Book Review: Nikki Giovanni — Still Feisty After All These Years

Reading Nikki Giovanni, one is inspired to never cower, to never beg, to never surrender.

A Good Cry: What We Learn from Tears and Laughter by Nikki Giovanni, William Morrow, 128 pages, $19.99.

By Robert Israel

Flashback, circa 1980s:

I’m on a field trip from Roxbury to Beacon Hill with students from my high school English class. They call me “Teach.” Several of my students confess that they earn cash by working as lookouts at “shooting galleries” on Boston’s Blue Hill Avenue. Bankrolled by drug pushers, the kids alert addicts, mainlining heroin in vacant apartments, if any Boston police are approaching.

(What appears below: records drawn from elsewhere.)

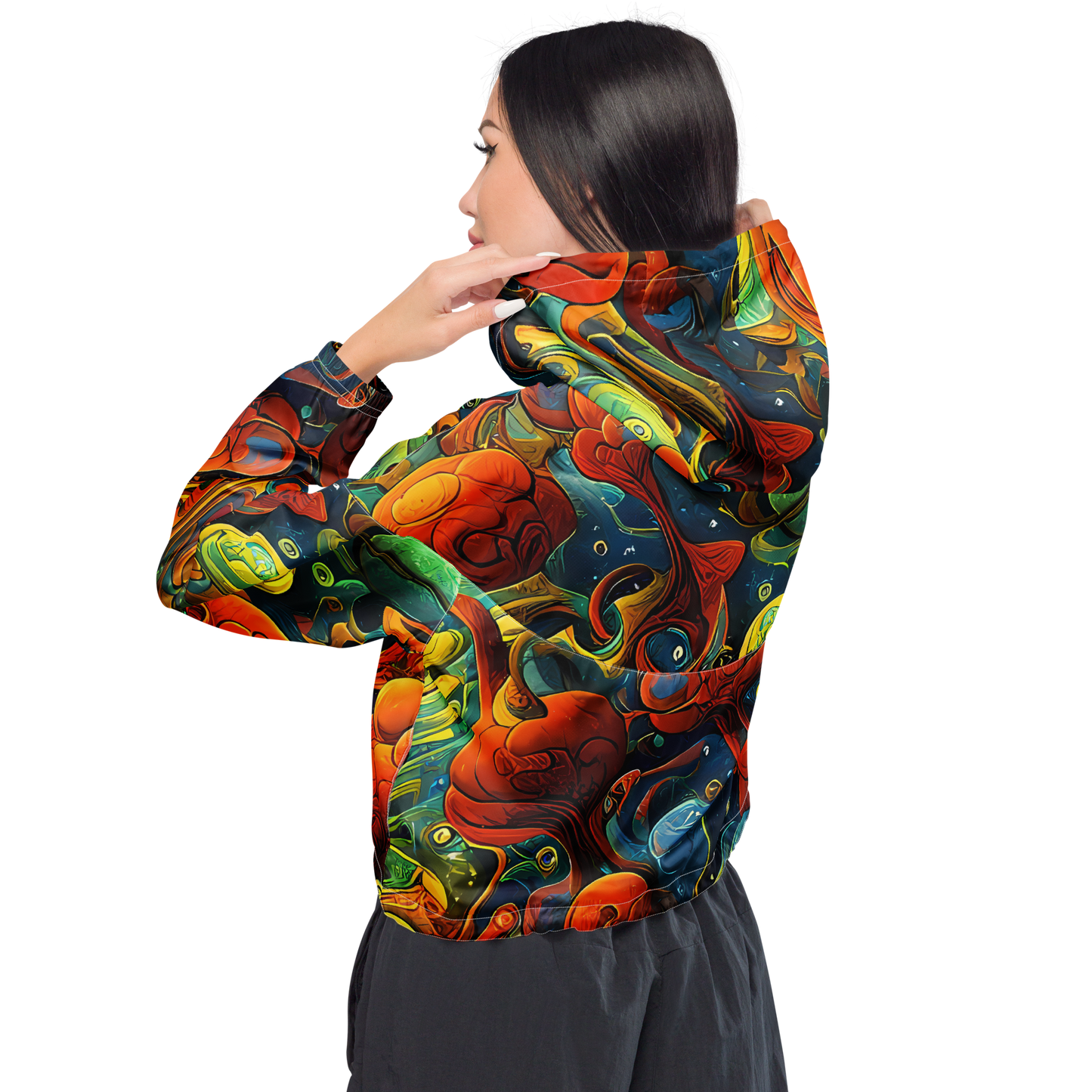 Women's Cropped Windbreaker - Duncanson Dream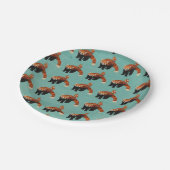 Roter Panda u. Eulen-PapierTeller Pappteller (Schrägansicht)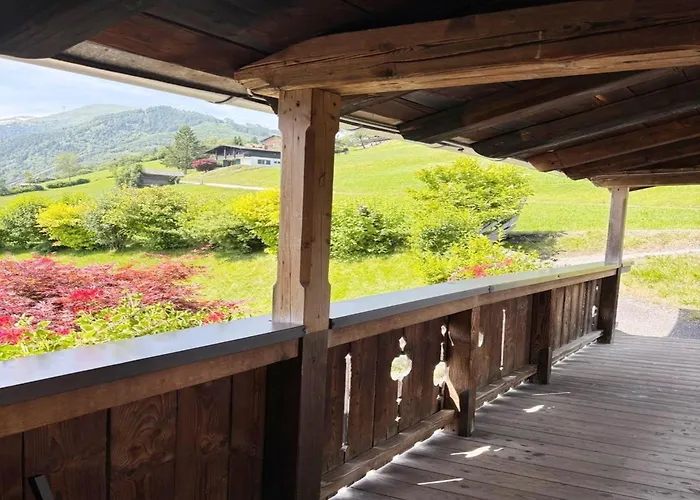 Sunny Alpine By The Slopes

“We make more money on the street than you do, Teach,” they say.

We arrive at Suffolk’s C. Walsh Theatre. African-American poet Nikki Giovanni reads from her poem “Ego- Tripping.” She urges us not to let our boastful selves get the best of us, to use our vitality for the collective good.

Returning to Roxbury, several students exclaim: “You know something, Teach? Nikki Giovanni — she’s really cool.”

Flash-forward, 2017:

Extra-NIKK-GIOVANNI-BOOK-COVER_t180

Now 74 years old, a longtime professor of English at Virginia Tech, with over 27 books of poetry and prose to her credit, Nikki Giovanni remains “cool.”

Her new volume of poetry, A Good Cry: What We Learn from Tears and Laughter, draws on her life to lay bare the sorrows and joys of the human experience Her language is earthy, wise, and warm. There’s no gussied up iambs or flowery speech. Giovanni uses plain talk.

There is no central thread to the collection. With Giovanni, you get the myriad aspects of her life and meet various people she’s encountered along the way. She takes us on a meander, not a steeplechase.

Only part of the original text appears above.